Similarly, the look of the parody is just right. The 'Poon has done a tremendous job of reproducing People's graphics--easy-on-the-eyes letters, clear and direct headlines, snappy and readable captions. The design and photography--by Mel J. Horan and Nevin I. Shalit respectively-- make a big difference in the parody's professional look. The pictures reflect the writing style exactly--clear and non-judgmental, with no attempts at high art or even real insight. Particularly in the Three Mile Island article and a funny (if too-long) feature on a boxing nun, the camera's sympathetic eye gives the pieces an uncanny People feel.

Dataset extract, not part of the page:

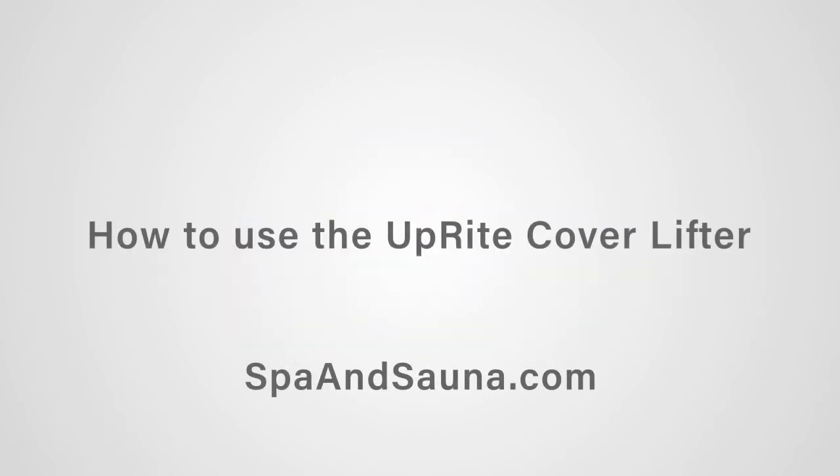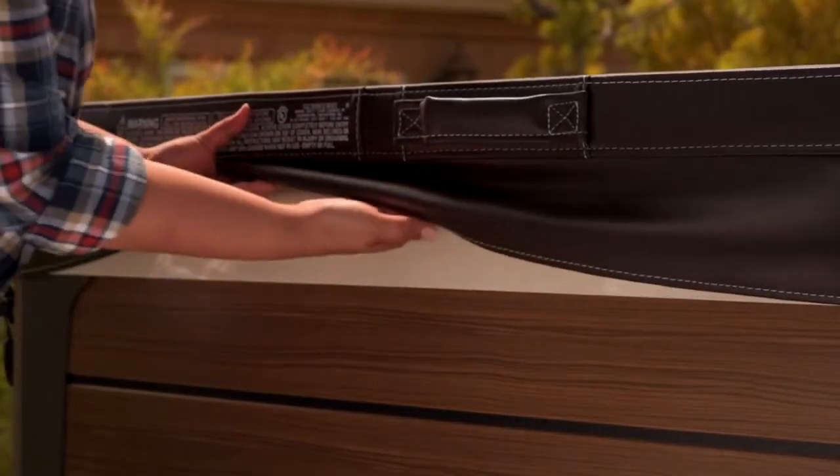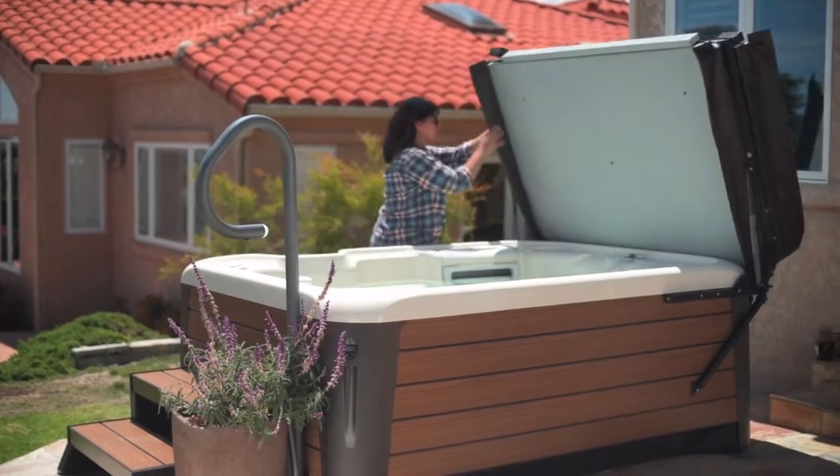How to use the upright cover lifter. First, unlock the straps. Then reach between the hot tub and cover to break the seal between them. Fold the cover over and push it upright. This is perfect for tight spaces.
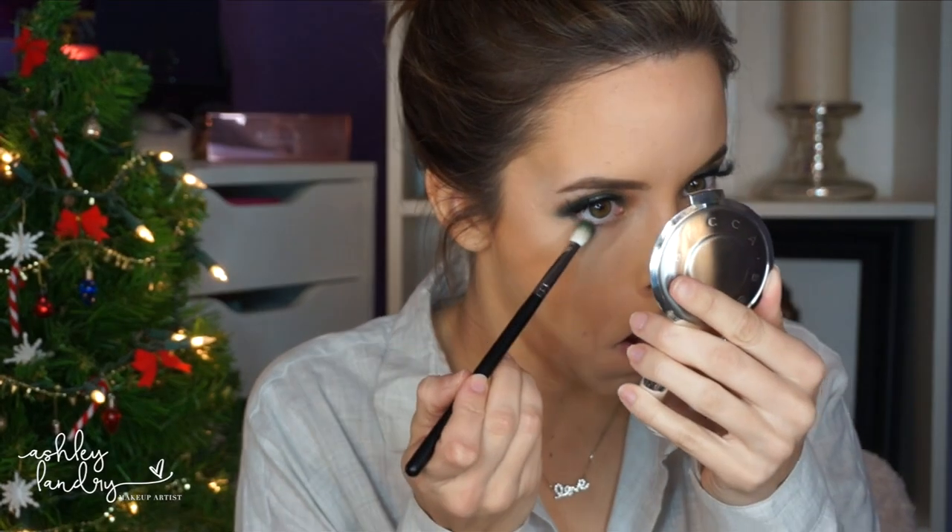For highlight I'm going in with Anastasia Beverly Hills Illuminator in So Hollywood, which is one of my favorite highlighters of all time — it's so beautiful especially at the holidays. I'm also dipping a little bit into my Golden Mint highlighter that I used on my eyes, placing just a tiny bit at the tops of my cheeks to add that little bit of green and tie the whole look together.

Of course not everything works. Several obvious jokes are beaten laboriously into submission, particularly in the articles on a fat chef, a "liberated" inflatable lady and the Shah in hell. A promising spoof of those insipid People interviews ends drearily when the same joke--the interviewer not recognizing his subject's newsworthy statements--dies from repetition. The parody also slips up in the celebrity department. Probably because it concentrates on the briefly famous folks in People, it never captures the unique flavor of People's celebrity profiles; the parody doesn't look at the amusing laundry list--current success, difficult childhood, early hard-times, current sexual partners--that makes People's cover stories so wonderfully predictable. Bad taste, usually of the sexist variety and a Lampoon trademark, seems pleasantly absent--all the more remarkable because of an apparently all-male production staff. But perhaps I (also all-male) merely missed the offensive parts.
BUT FOR ALL its minor flaws, the parody rates as a definite success. And as such, it begs the question of why it is so much better than its deservedly ignored counterpart, The Harvard Lampoon itself. One thoroughly unresearched and unsubstantiated theory may help explain the difference.
Harvard draws obsessive people by the hundreds. The average Harvard undergraduate seems distinguished by the fact that he is not average in at least one area; the area may be physics, grade-grubbing, writing, egomania or self-loathing. Most everyone here, for better or worse, developed a trait or interest in childhood that made him a little different.
The folks who gravitate toward the Lampoon, however, are obsessive about everything. They are the ultimate transparent eyeballs, indiscriminately bringing in everything they can see, anything that will increase their store of information. And the most obvious target for obsessive youngsters is the part of society that produces stimulation constantly--in short, television. So these guys start to learn everything about television, and, as kids, they gravitate toward the tube's broad horizon of situation comedies. My guess is that you could walk into the Lampoon castle tomorrow, ask the inhabitants to sing the theme song from That Girl or to recite the list of characters in The Addams Family, and get an accurate response from virtually everyone.
So when these kids passed the television-watching years, all that time around comedy convinces them that somehow they can create it themselves. They are often wrong. The written humor they come up with by themselves usually appears forced and embarrassing to the outsider. Great wits they are not.
But neither are they stupid, nor oblivious to funny things. And in People magazine they found a focus that perfectly complements their backgrounds. As many people have pointed out before, People is merely paper-television, with identical subject matter and similar format. In the parody, the Poonies walk on comfortable and familiar ground; they have found a subject wedded to their talents. The glee, combined with the compulsive energy, with which they pursued their task appears throughout the parody in pleasing excess. It may be hard to imagine the Poonies as houseguests, but with the People parody, the Harvard Lampoon has found a home.